The construction began with foam core templates for the tail. These templates, shown in figure 17.8.10, were screwed into three blocks of blue foam four inches wide by 18 inches long. These blocks were then hot-wired to the NACA 0010 shape of the tail to make 10 of the facets. Then the templates were attached to a block of high density foam which was sanded to the proper shape to create the two remaining facets. These facets were to be the ones located where the tail mounted to the aircraft. The four foam cores (three blue foam and one high density) were then sheeted with 1/16” balsa wood. Once this cured, the leading edge was attached using a 1/4" block of balsa and sanded to proper shape. The trailing edge was made by sandwiching a single uni-directional strip of carbon between two 1/8” pieces of balsa wood. The balsa-carbon-balsa 1/4" sandwich was then attached to the trailing edge of the foam core and sanded to the proper shape. A cross-section of the tail airfoil is shown in Figure 17.8.11. When this step was finished there were three blue foam NACA 0010 wing sections with a 18" span and a four inch chord and one high density foam NACA 0010 wing section with a six inch span and a four inch chord.

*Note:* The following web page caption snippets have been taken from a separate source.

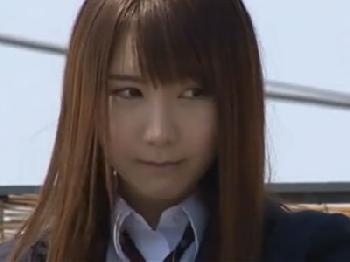 制服姿の美形少女女子校生がお天道様の元で勃起肉棒を一生懸命にフェラチオチオ抜き美少女のエロ動画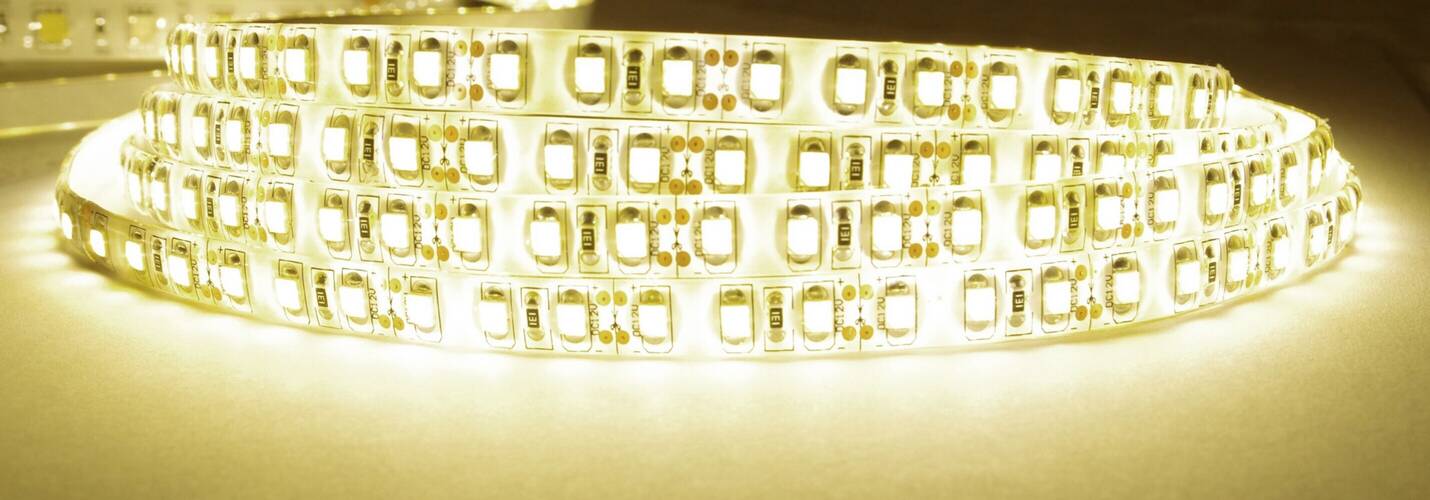 Hochwertiger LED Streifen in warmweiß von LED Universum, perfekt für ein angenehmes Licht in jedem Raum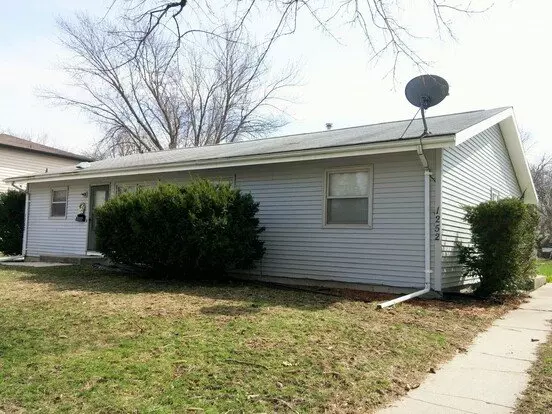 Available August 15th! 2 Bedroom Duplex W/garage Apartment for rent in Ames, IA
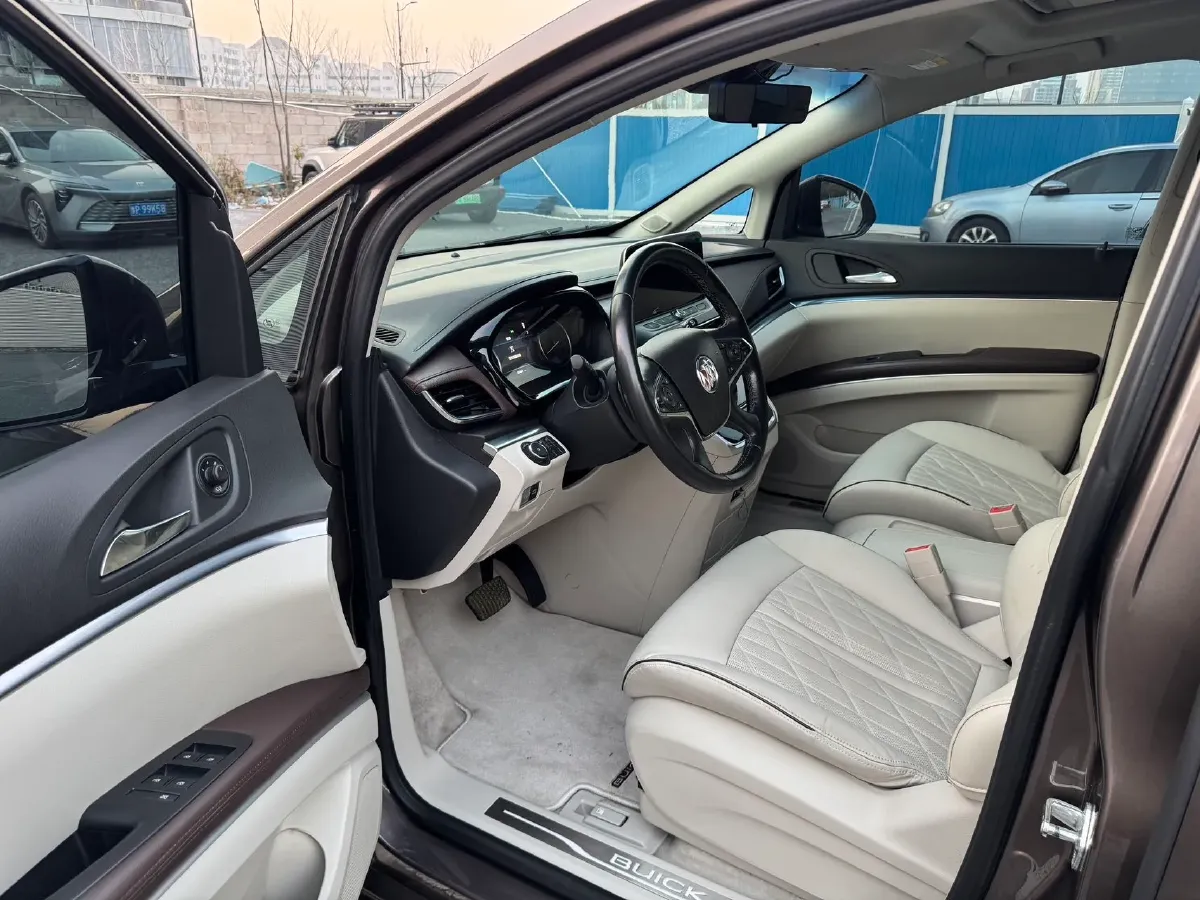 2023 Buick GL8 2.0T 237HP L4 9AT,autocango,china used car exporter,china ev exporter,chinese used car exporter,chinese used ev exporter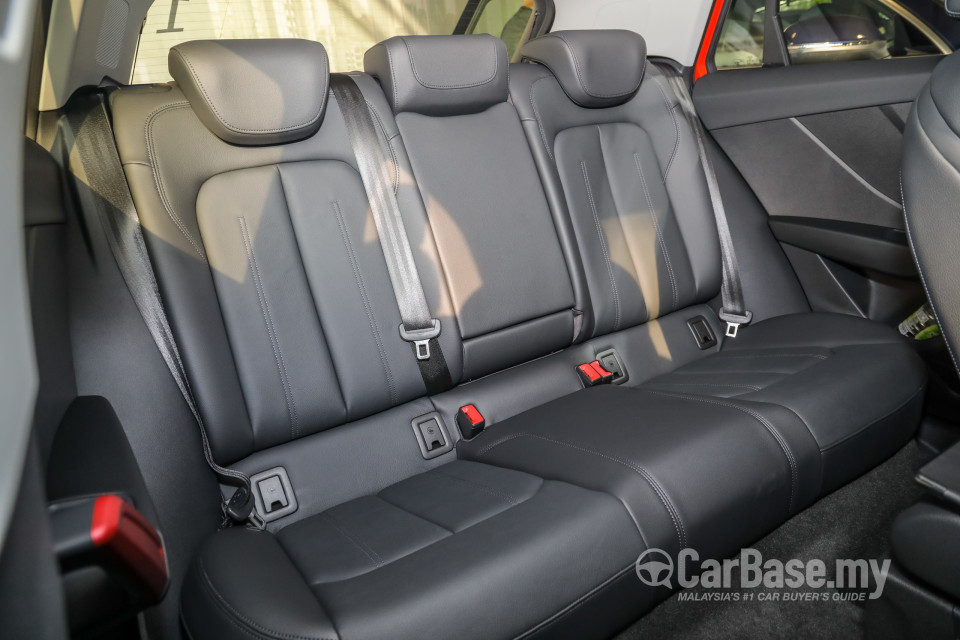 Audi Q2 Mk1 (2019) Interior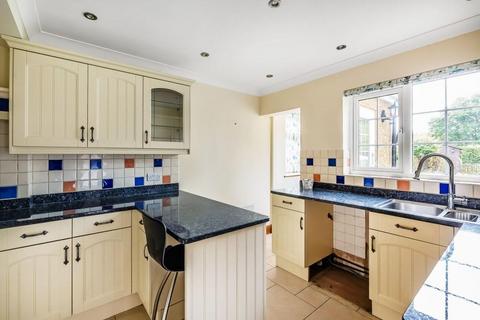 24 Oakdene Close, Brockham, Betchworth, RH3 7JZ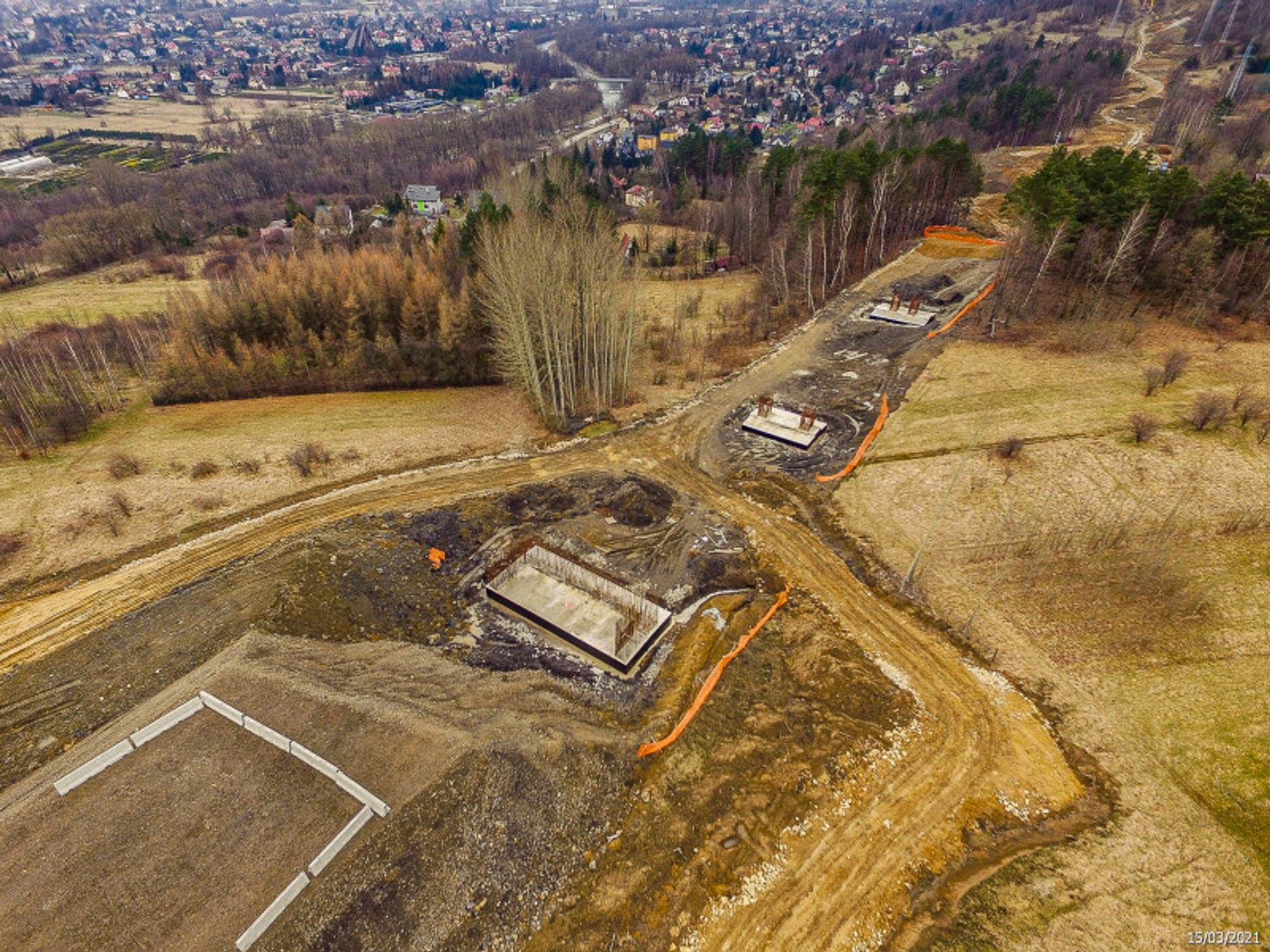 Droga S1. Rozpoczęto drążenie tuneli pod Baranią Górą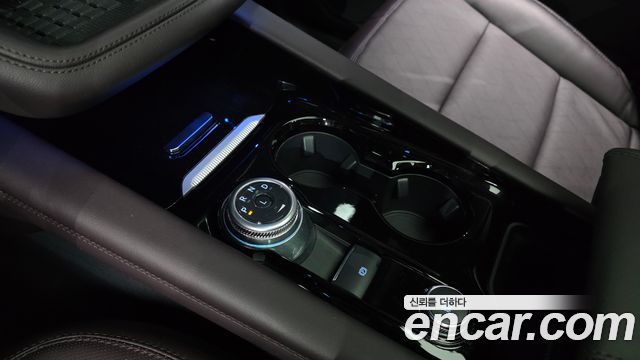 Ford Explorer (VI) 2.3 Platinum 4WD 2025 — фото 9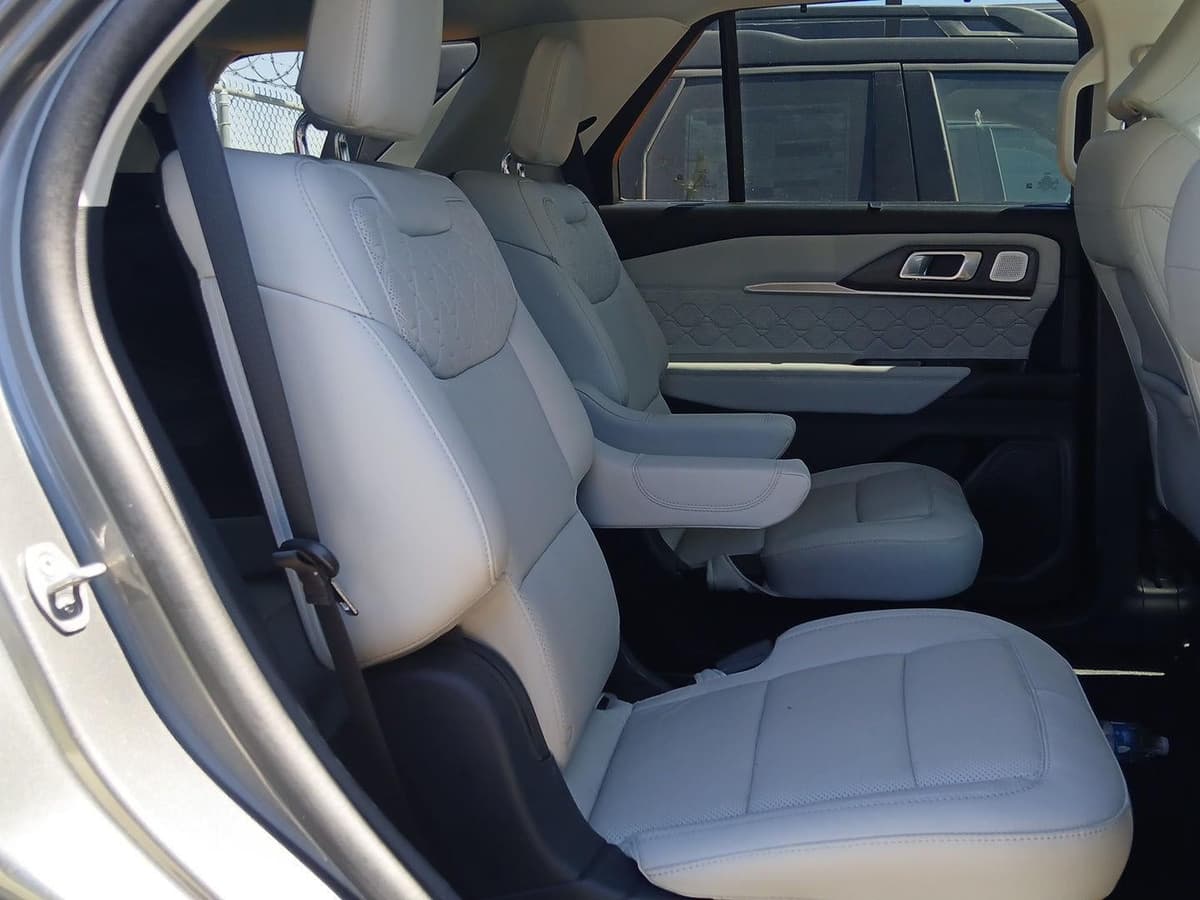 2025 Ford Explorer - Image 15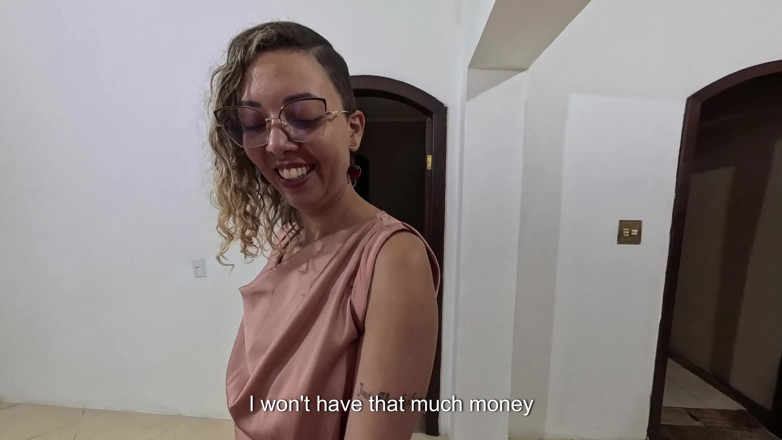 Gabi SweetCouplesStories: Агент по недвижимости принимает минет и анальный секс для продажи недвижимости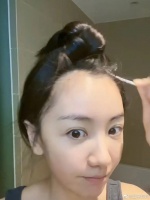 原来女明星也有发际线困扰,杨蓉这个发际线一整个真实住了……
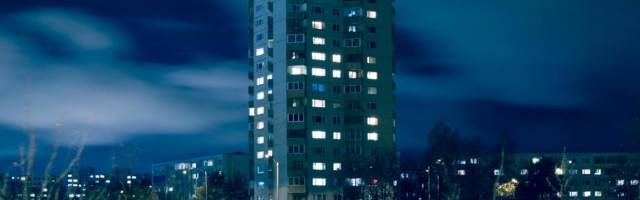 Näitusearvustus. Silvia Pärmann: ilusad koledad kodud. Antti Sinitsyni “Ambient portreed” Positiivis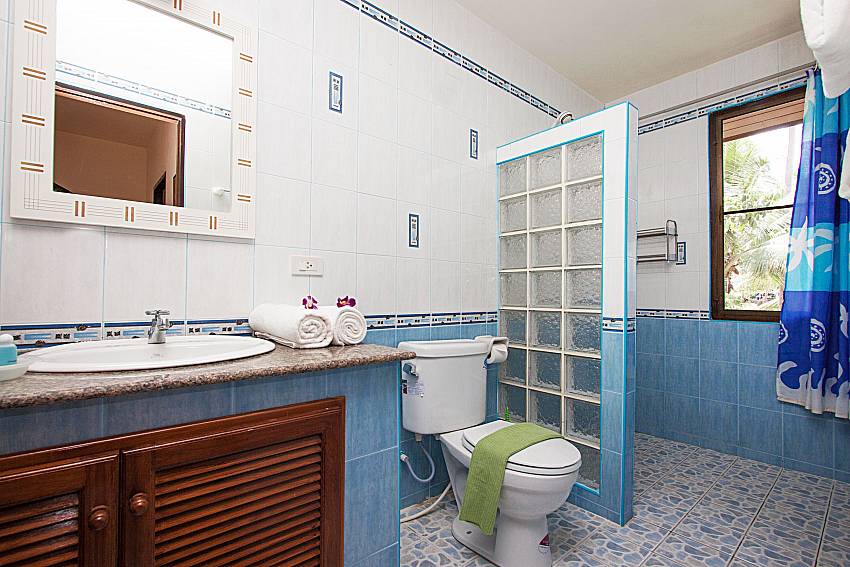 Bathroom Wan Hyud Villa No.205 at Chaweng in Samui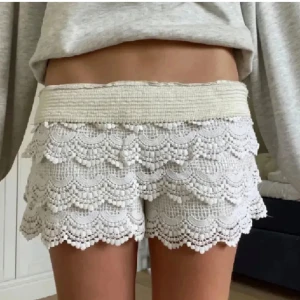 Beiga spetsshorts  - Säljer ett par snygga oanvända beiga spetsshorts som passar xs-m💕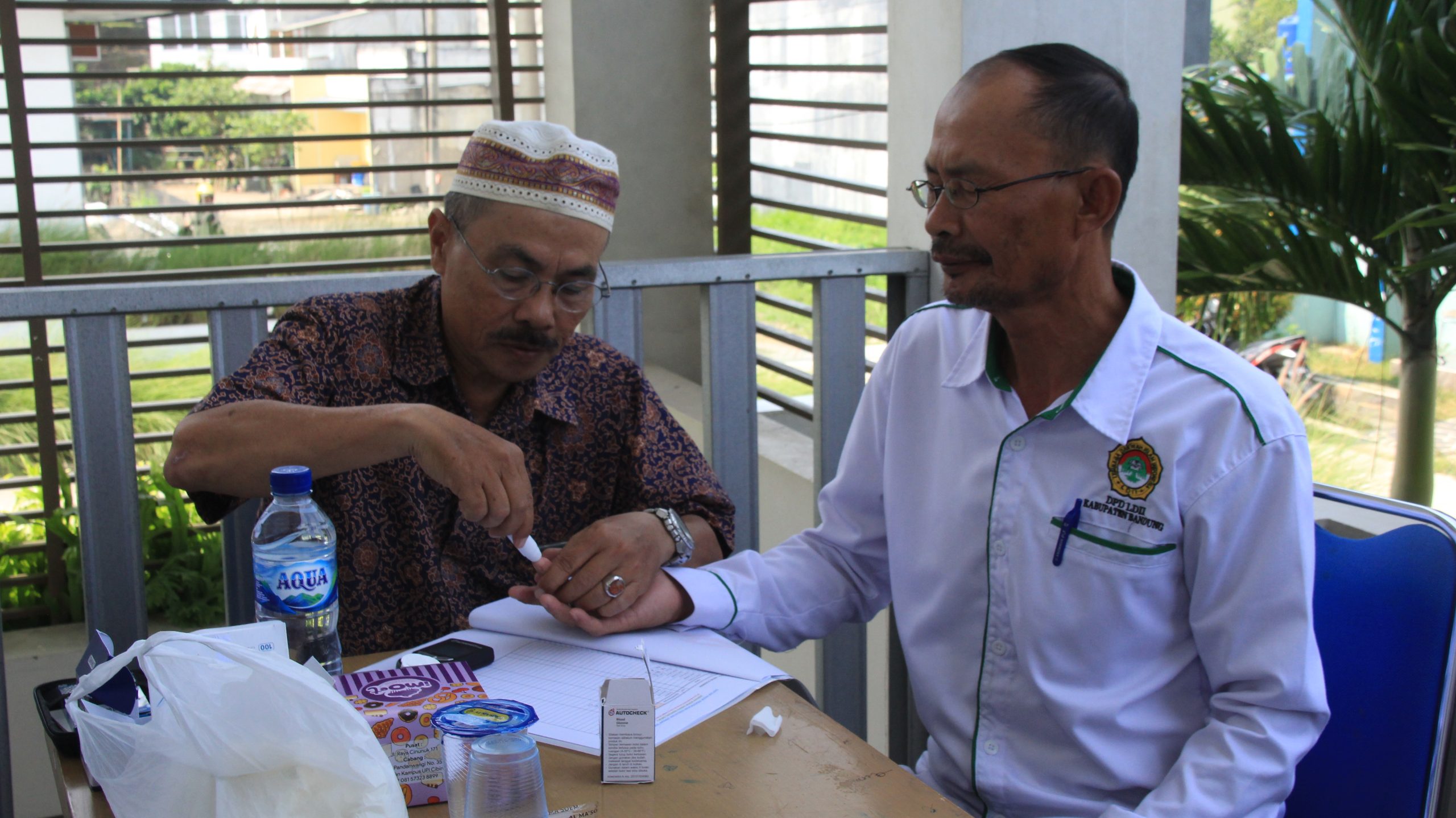 Dalam Rangka Hari Lanjut Usia Nasional, DPD LDII Bandung Gelar Pemeriksaan Kesehatan untuk Lansia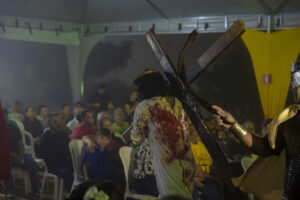 Fé e tradição marcam Missa na Serra e encenação da Paixão de Cristo em Paraíso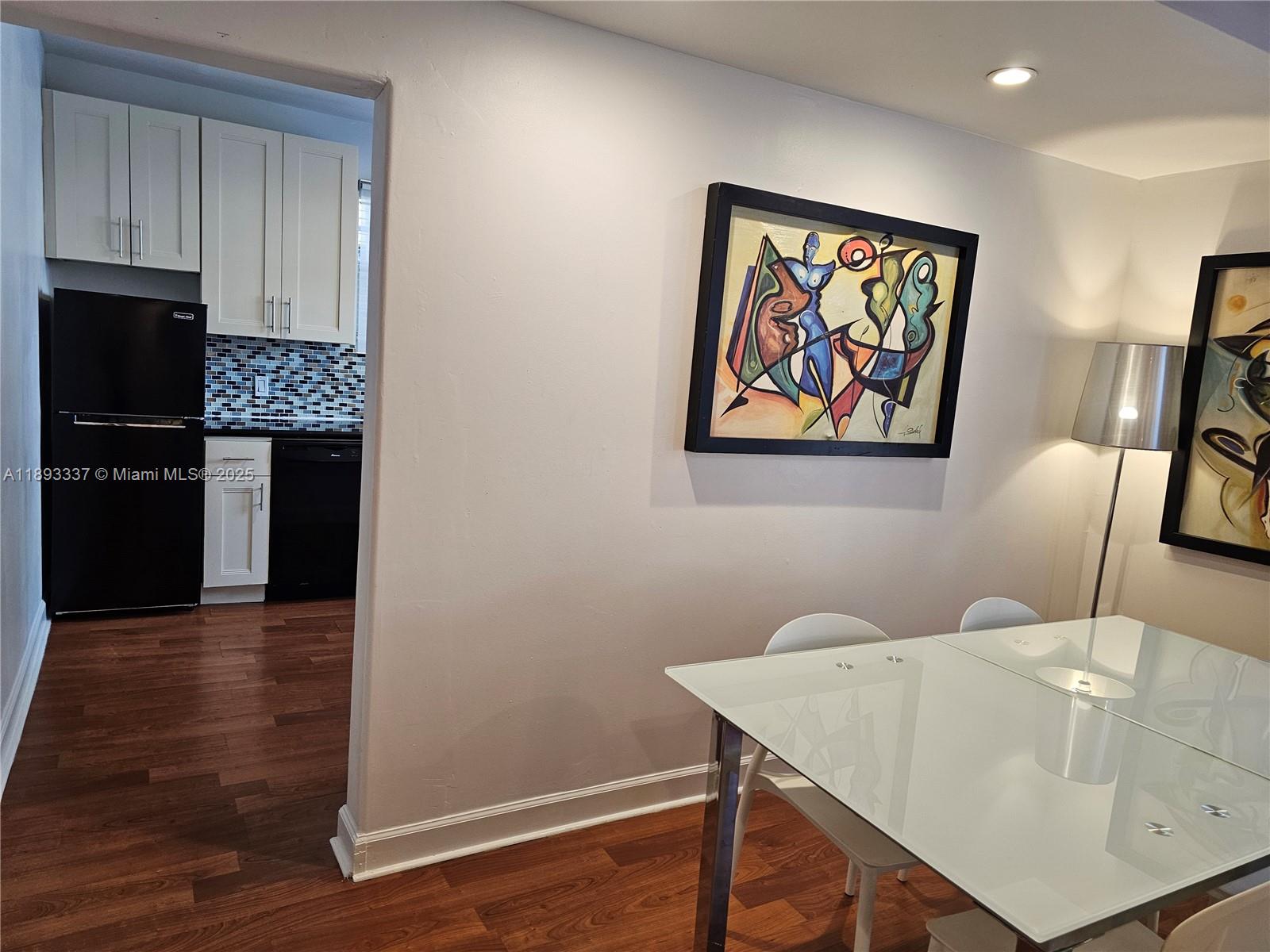 LINCOLN SUB - Residential Lease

The next step was construction of the fairings to cover the tail mounting rod. They were constructed from a 2.5” by six inch block of high density foam. Templates of a NACA 0025 airfoil with a two inch chord were attached to the foam and sanded to the correct shape. They were then covered with six ounce fiberglass for durability. A mistake was made while drilling the 3/8" hole for the mounting rod to slide through, so the fairings had to be reconstructed. The reconstruction process was exactly the same as the original construction technique. The single fairing was then cut into 2 three inch sections that could be sanded down to fit the tail boom.
With the fairing construction complete the next step was the joining of the fairing to the mounting facets. First, the single high density foam core NACA 0010 wing was cut into two pieces which were beveled to the shape of a facet. Then an outline of the fairing shape was drawn on the facets. An X-acto knife was used to cut though the balsa wood and dig out approximately half of the high density foam core so the fairing would fit tightly into the facet. Before the fairings were attached to the facets, however, the mechanism for mounting the tail had to be incorporated. The mounting hardware in the tail consisted of a 1/2" x 1/2" x 1/4" block of plywood placed at one end of a fairing in the center of the 3/8" hole previously drilled for the mounting rod. This fairing and one mounting facet were then joined together. The other mounting facet was then flipped over and a one inch square as cut into the balsa wood sheeting. This one inch square was then dug out until it met the airfoil cut out from the other side. A one inch square of 1/8” plywood was then glued into the facet to provide a hard surface for the hatch. The 3/8" hole for the rod was then drilled as well as a rectangular cut of 1/2" by 1/4" for the key to hold the rod in place. Finally the hatch was constructed from a 1 inch square of 1/8” ply with a 1/2" x 1/2" x 1/4" key glued to it. Then, with the hatch in place, the fairing was attached to the facet. Then the two mounting facets and the three blue foam core NACA 0010 wings were covered with fiberglass with 0.75 ounce fiberglass. After the glass dried an X-acto knife was used to cut the fiberglass around the hatch and the hatch was removed.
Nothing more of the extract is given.